[[ COLLECTED MATERIAL open ]]
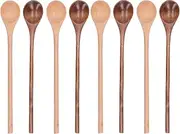 8 Pcs Wooden Utensil Set Wooden Spoon Beech Wood Safe Environmentally Friendly Wooden Serving Spoon Long Handle for Vairous Dishes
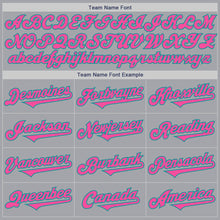 Load image into Gallery viewer, Custom Gray Pink-Teal Authentic Two Tone Baseball Jersey
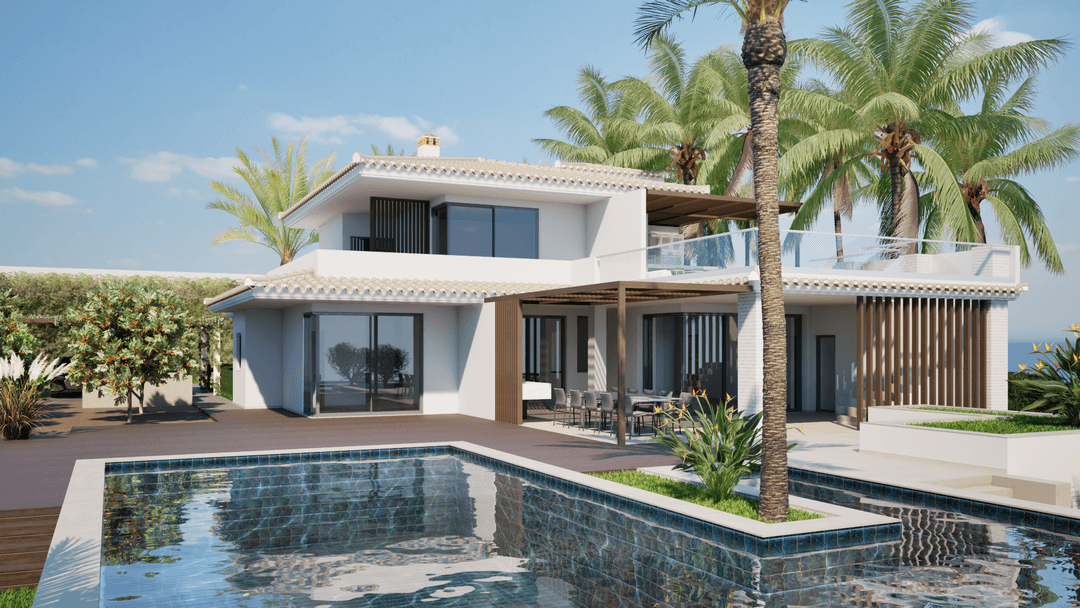 Elegant 4-Bedroom Villa with Rooftop Views in Exclusive Porto de Mós, Lagos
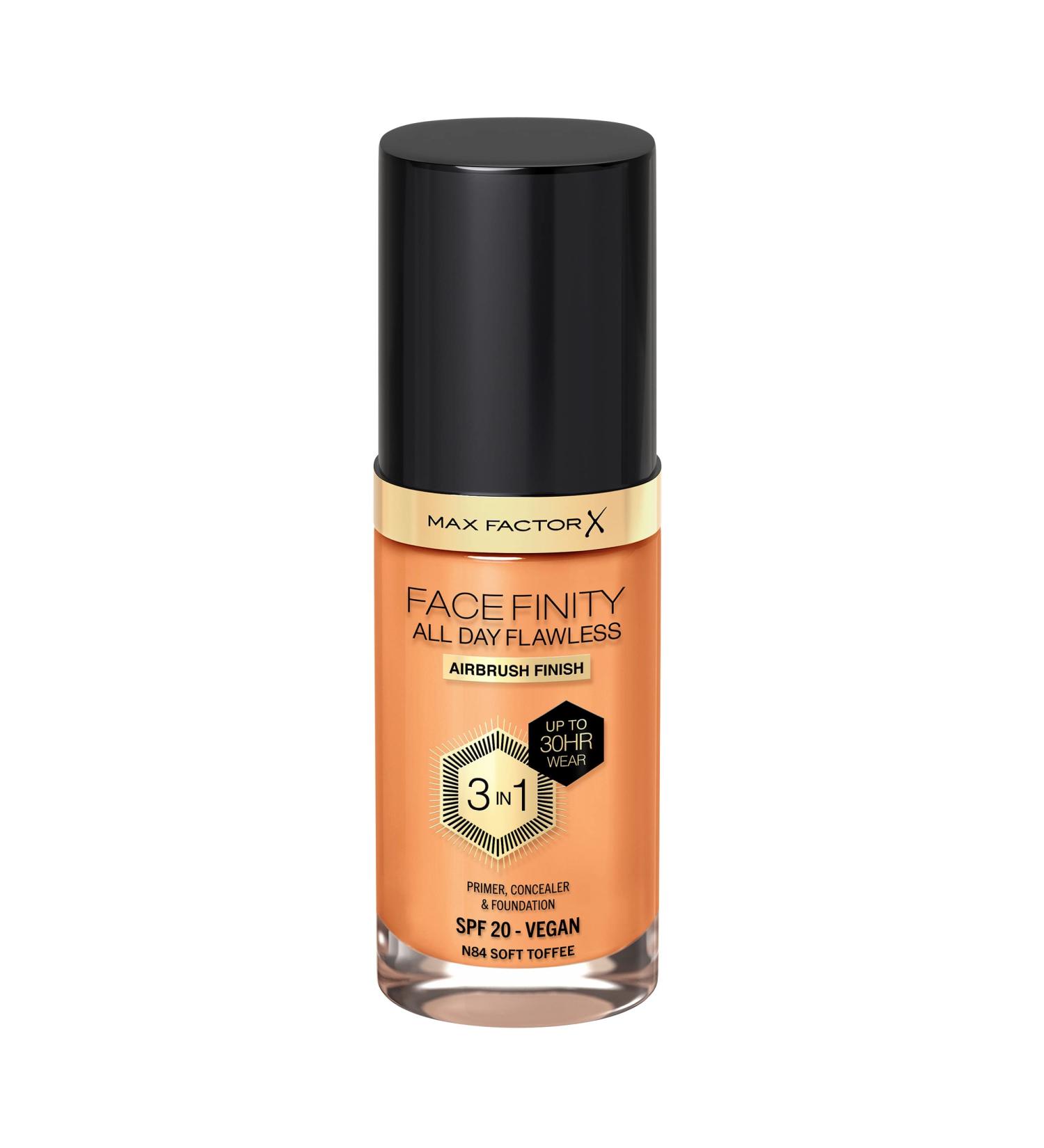 Max Factor Facefinity 3-in-1 All Day Liquid Foundation SPF 20 - 84 Soft Toffee 30ml | Pack of 1 - Buy Online on GoSupps.com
[[ COLLECTED MATERIAL closed ]]
Retype the listing verbatim, minus every image.

◆ RESULT OF THE EXERCISE ◆
 8 Pcs Wooden Utensil Set Wooden Spoon Beech Wood Safe Environmentally Friendly Wooden Serving Spoon Long Handle for Vairous Dishes
 Load image into Gallery viewer, Custom Gray Pink-Teal Authentic Two Tone Baseball Jersey
 Elegant 4-Bedroom Villa with Rooftop Views in Exclusive Porto de Mós, Lagos
 Max Factor Facefinity 3-in-1 All Day Liquid Foundation SPF 20 - 84 Soft Toffee 30ml | Pack of 1 - Buy Online on GoSupps.com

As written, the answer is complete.